There are still not entries for most countries in the world. I started today with a Madagaskar entry, and ended up getting distracted into investigating a translation tool, hoping to be able to quickly create stub articles from the English versions. I looked at translate.org as well as the Wikipedia translation pages, but after wading through reams of not very useful discussions and links, I decided it would be quicker to write a tool myself.
It’s really simple. I created a strings table, using the following structure:
CREATE TABLE `string` (
`id` int(11) NOT NULL auto_increment,
`english` varchar(100) NOT NULL default '',
`afrikaans` varchar(100) NOT NULL default '',
`strlen` tinyint(4) NOT NULL default '0',
PRIMARY KEY (`id`)
) ENGINE=MyISAM DEFAULT CHARSET=latin1
I just manually entered a whole list of English strings, and their Afrikaans counterparts, and then ran it through a sorting script to populate the strlen field, so that longer strings such as Capital of are translated before shorter string such as Capital
Having done all this, I created a simple web form that takes a textarea, and outputs a hopefully translated textarea, the aim being to be able to quickly run entries from the English wikipedia through the tool, and paste them into the Afrikaans version with the minimum of fuss.
I started with Kenya, and ran it through the tool. However, I noticed that the article uses a country template. It’s a fairly obvious concept, which makes life so much easier. However, none of the Afrikaans articles that I’d looked at until then had made use of them, so each country had different links, different spellings, etc. A nightmare. So, I got distracted again, and with much headscratching and paging through the dictionary, I created an Afrikaans country template.

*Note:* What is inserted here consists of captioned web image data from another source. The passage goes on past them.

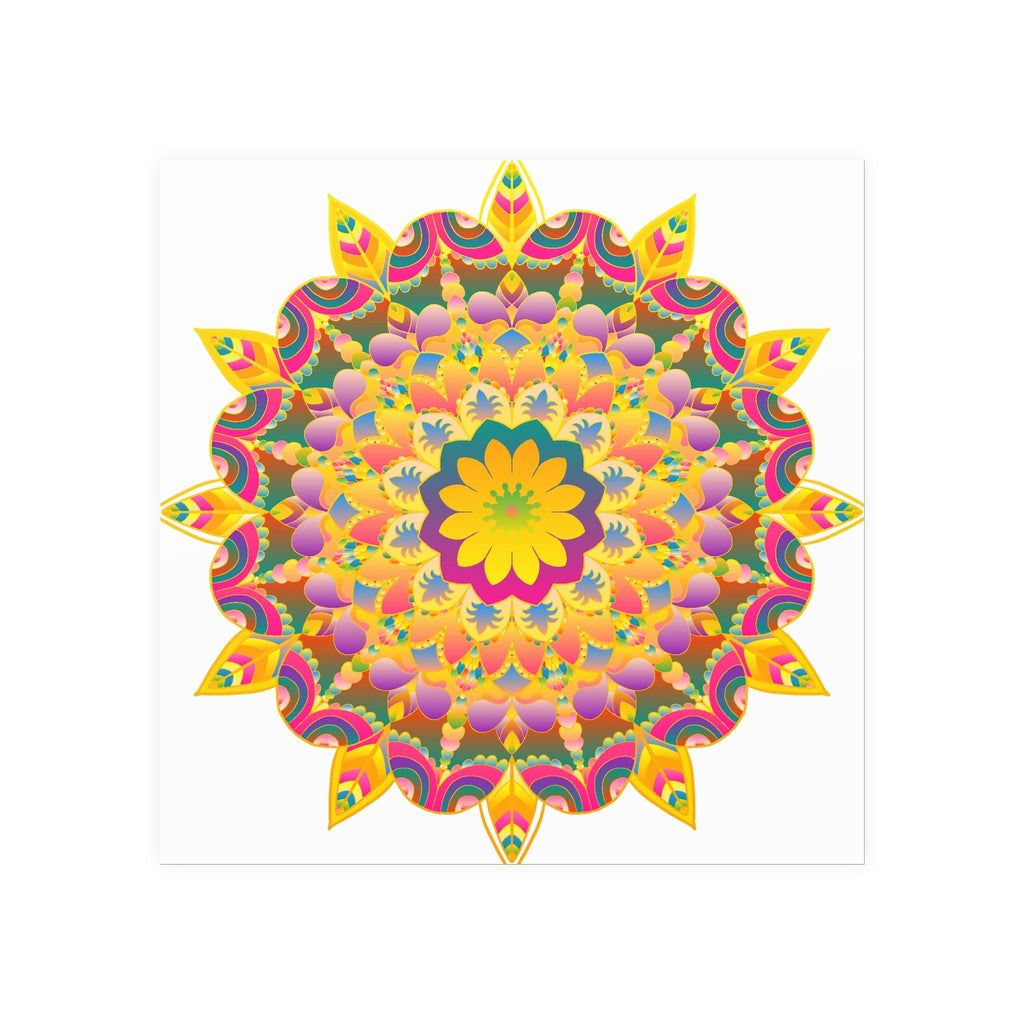 Colorful Mandala Poster - Unity & Harmony Poster - Blululi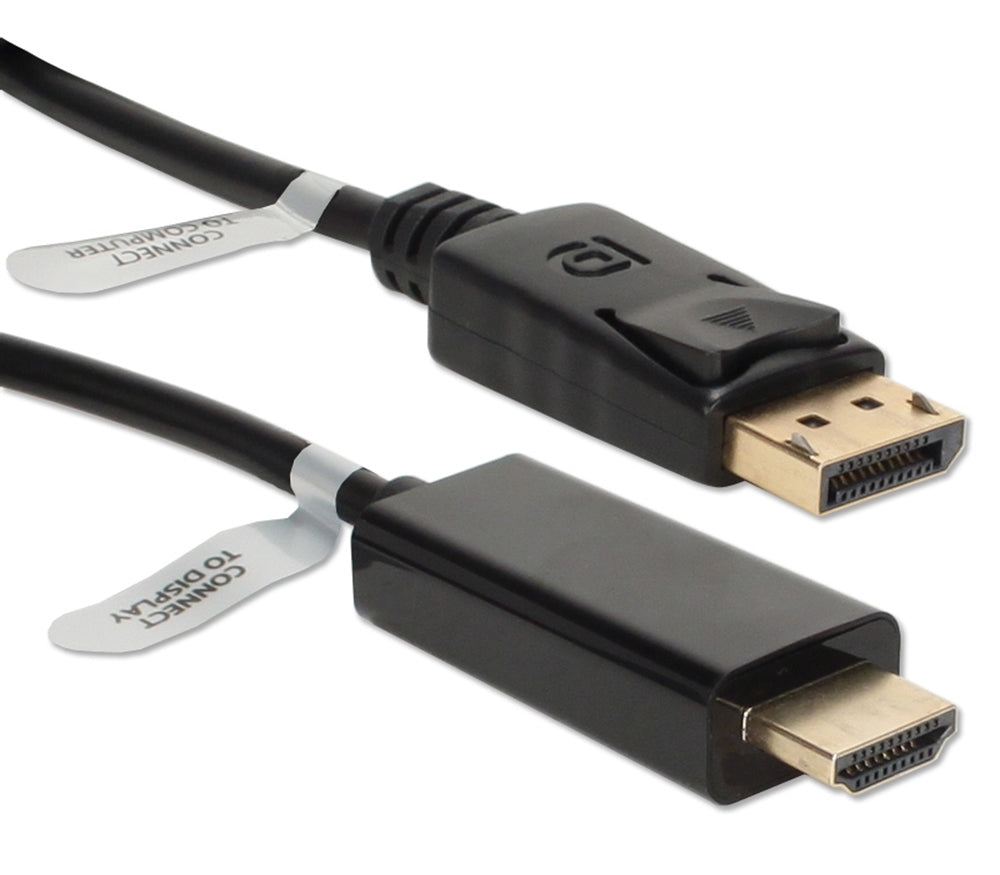 DPHD-15 - QVS 15FT DISPLAYPORT TO HDMI
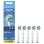 Tête de rechange Oral-B Precision Clean 80339350 lot de 5 bleu/blanc
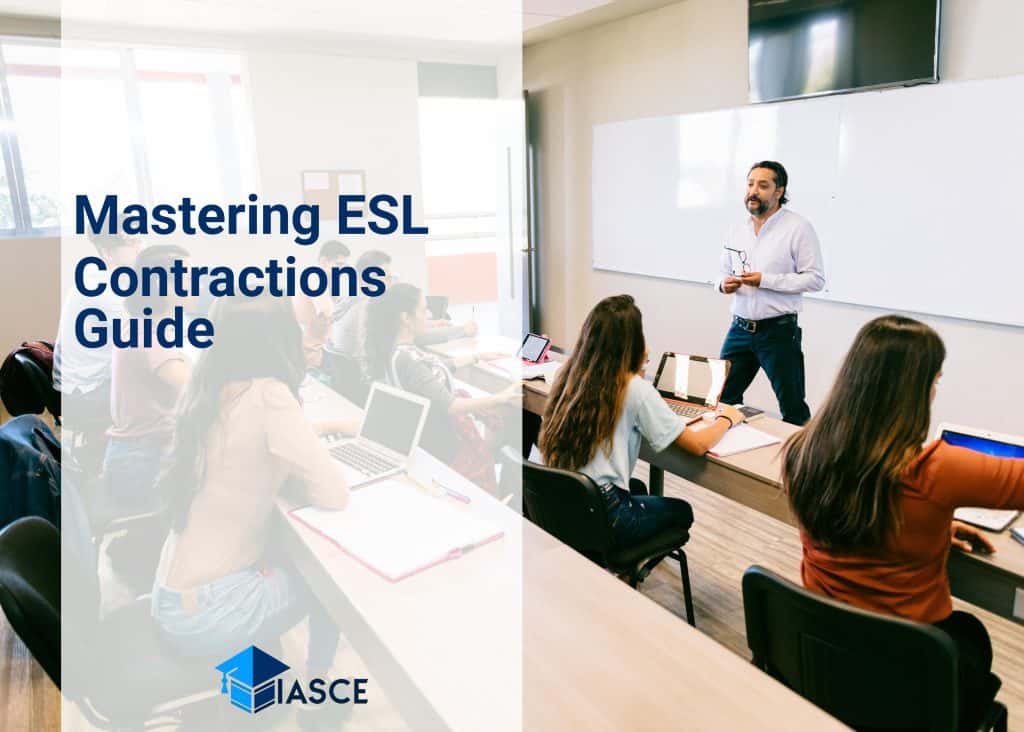Mastering ESL Contractions Guide
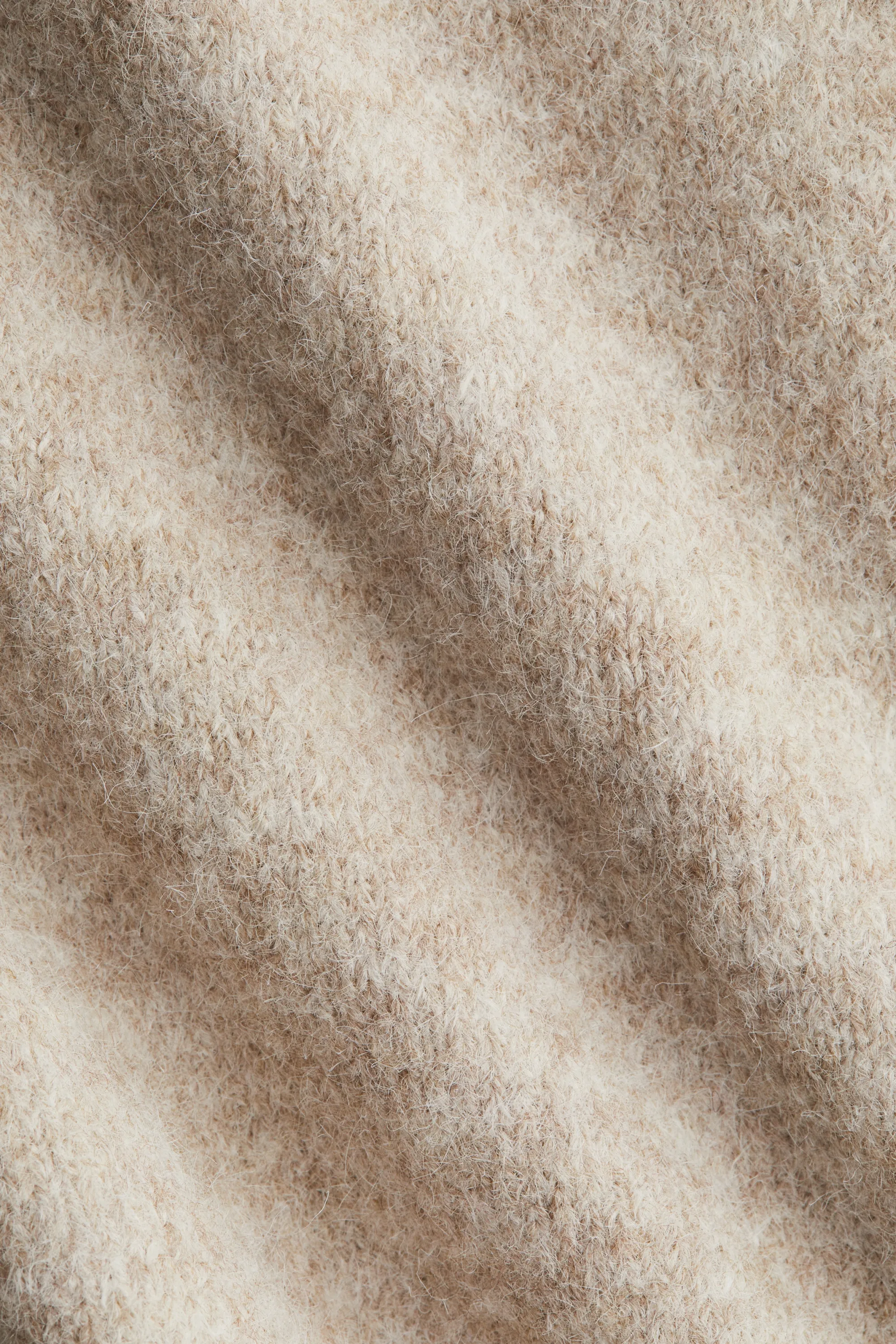 Pantalon jogger en maille fine - Beige clair chiné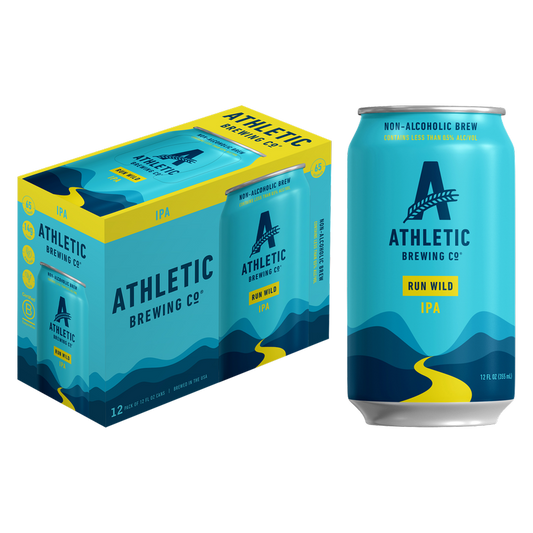 Athletic Brewing Co. Run Wild Ipa Non-Alcoholic (12Pkc 12 Oz)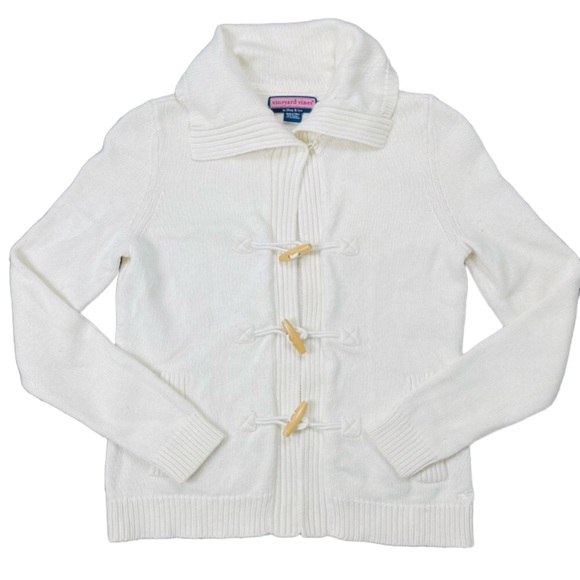 Vineyard Vines Sweaters - Vineyard Vines Preppy Sweater Cardigan Nautical Sweater Wooden Buttons S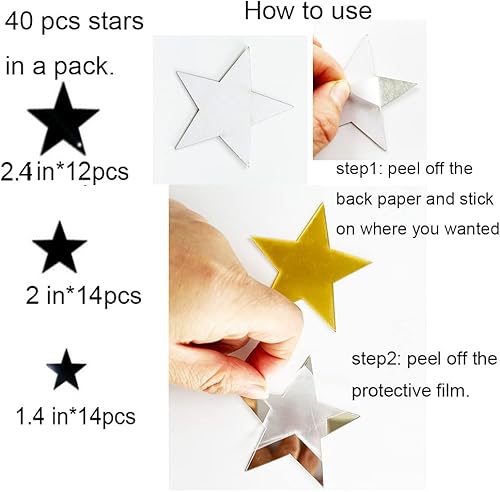 Miniatura 10 de 24 calcomanías de pared acrílicas con espejo hexagonal plateado con adhesivo artístico, papel satinado, dormitorio de bebé, niños, hogar, decoración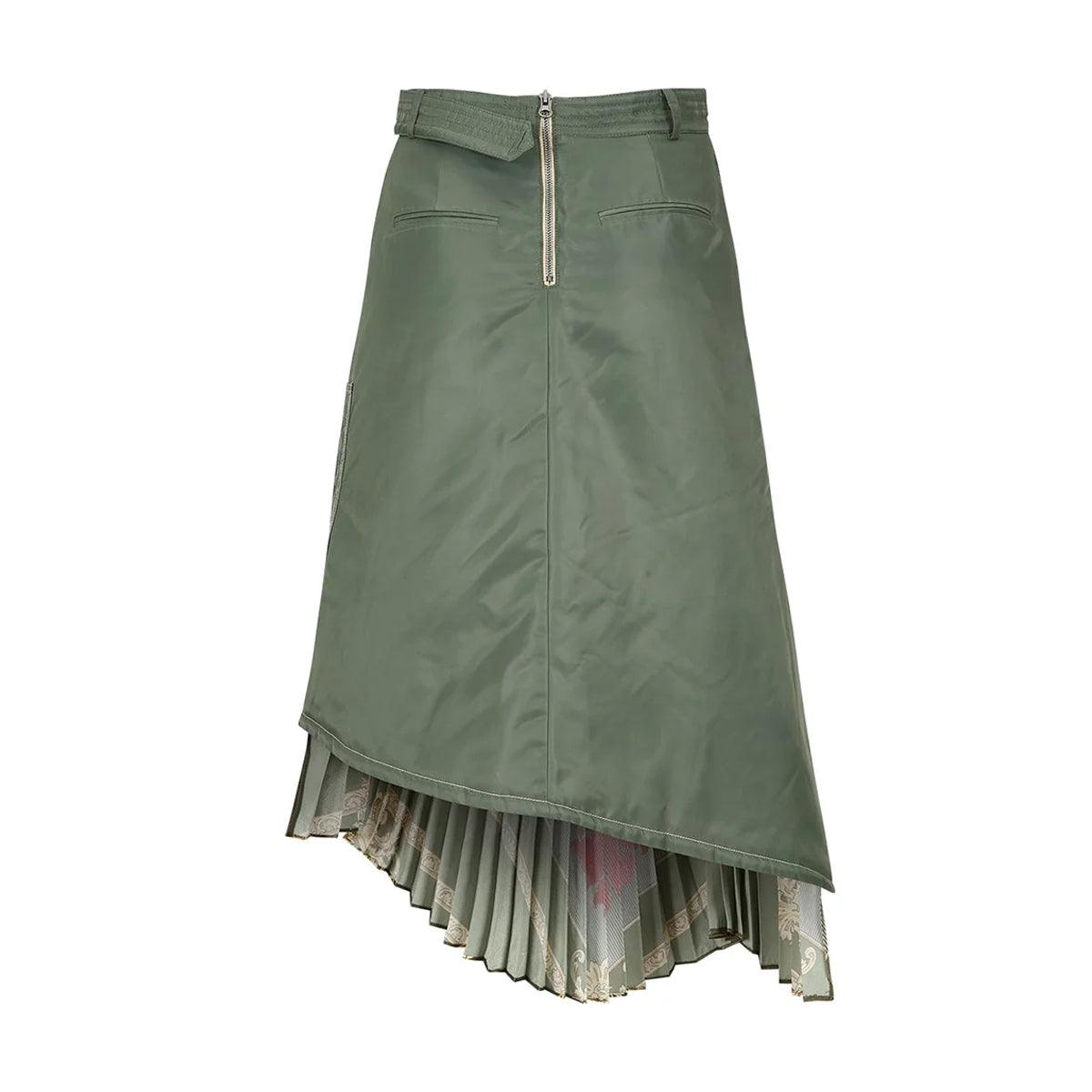 MA 1 Scarf Skirt in Khaki - Stylish Wrap Skirt for Women | Perfect for Casual Outfits, Date Nights & Office Wear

After getting it vaguely ready for production (and following the be bold principle), I had it working on the newly-created Kenia page. I decided to try it on the Suid-Afrika page, only to find that there was already a template in use. Unfortunately it’s been badly translated from the Dutch, but if I’d known (or bothered to look more carefully) I could have saved myself a lot of time and used that as a base.
Anyway, it’s been a fun day. The real work continues to pile up, but why did I stop working fulltime if not to be able to enjoy unproductive days like this
My real aim is to get the translation tool to a level where, after some initial translation, it can be used to quickly populate country pages for the Xhosa, Zulu, Sotho and other South African language Wikipedias. There’ve been attempts at starting them, but they haven’t yet got anywhere near the critical mass they need to achieve to become viable resources.